Miss Sandra's office was small and put together in the way that said everything about the person who used it. One bookshelf, no clutter, a desk that had clearly never known disorder. The afternoon light came through the window at an angle that caught the left side of her face in a way the lecture hall had never quite managed.
Scott took the chair across from her and put his bag down and waited.
Sandra sat down. Looked at him.
She didn't say anything straight away. Just looked at him with the patience of a woman who had already decided how this conversation was going to go and was taking her time getting there.
Scott looked back.
Her blouse had that same two open buttons situation and from this distance, with nothing but a desk between them, the view was considerably more generous than it had been from the third row. He pulled his eyes back up to her face before she caught him.
'Focus,' he thought. 'She's about to end you.'
"What the fuck was that."
Scott looked at her.
Of all the things he had prepared for walking into this office, Miss Sandra dropping that word in that voice was not one of them. He sat with it for a second, recalibrating.
"I'm sorry?" he said.
"You heard me," she said. "What happened in that classroom today."
"I made an observation," Scott said. "About the learning environment."
"You made a scene."
"An observation," he said again, pleasantly. "About a genuine academic concern."
She looked at him for a long moment. "You think that was a genuine academic concern."
"The incentive structures in that classroom are severely —"
"Mr. Scott."
He stopped.
She picked up a pen from her desk and set it back down. "Why," she said. Just that.
Scott opened his mouth. Then closed it.
Because a system told me to. Because I jumped off a bridge last night and woke up this morning furious that I was still breathing and decided I had nothing left to lose.
"Curiosity," he said.
Sandra looked at him. "Curiosity," she repeated, like the word had arrived in a language she hadn't expected.
"Yeah."
"You disrupted my entire class out of curiosity."
"I raised a concern," Scott said. "The class disrupted itself."
She stared at him. "The class disrupted itself."
"Sixty people chose to react the way they reacted," Scott said. "I just said what I said."

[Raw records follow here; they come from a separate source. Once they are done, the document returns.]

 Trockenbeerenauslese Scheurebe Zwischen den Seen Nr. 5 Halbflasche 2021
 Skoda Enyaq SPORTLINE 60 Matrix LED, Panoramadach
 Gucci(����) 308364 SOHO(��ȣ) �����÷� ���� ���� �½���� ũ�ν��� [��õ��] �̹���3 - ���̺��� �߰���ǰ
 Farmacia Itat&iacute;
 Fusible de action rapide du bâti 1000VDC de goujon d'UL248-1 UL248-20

"What you said," Sandra told him, and something in her voice had shifted, the composed evenness still there but working harder than before, "was a comment about my body. In front of my students."
"I made a comment about the learning environment," Scott said. "You happen to be a significant part of it."

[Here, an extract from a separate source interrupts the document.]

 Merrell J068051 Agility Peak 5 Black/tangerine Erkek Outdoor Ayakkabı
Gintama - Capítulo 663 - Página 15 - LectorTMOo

The silence that followed had a different weight from the ones before it.
She looked at him for a long moment. He looked back. His eyes dropped to her chest for a second, the open buttons of her blouse doing exactly what they had been doing all day, and he brought them back up to her face and she had noticed both the looking and the catching and neither of them said anything about it.
Her neck had gone slightly pink from the collar upward.
"I need you to understand," she said, "that regardless of how you frame it, that classroom is not the place for it."
"You're right," Scott said.
She paused. He could see she had prepared for something else.
"I mean it," Scott said. "Wrong place. It won't happen in the classroom again."
"That is not quite what I said."
"I know," he said. "But it's what I'm agreeing to."
She held his gaze for a moment. Then: "Don't let it happen again."
"Alright." He held her gaze for a beat. "One more thing before I go."
Something behind her eyes became careful. "What."
"Where can I find the most expensive dress shop around here," Scott said. "Like genuinely expensive."
Sandra stared at him.
A long moment passed where she clearly could not connect what that question had to do with anything that had just happened in this room.
"Why," she said.
"Just need to know," Scott said easily.
She looked at him for another moment, something turning over behind her eyes, trying to connect a line between the classroom and this office and now this question and finding no clean answer anywhere.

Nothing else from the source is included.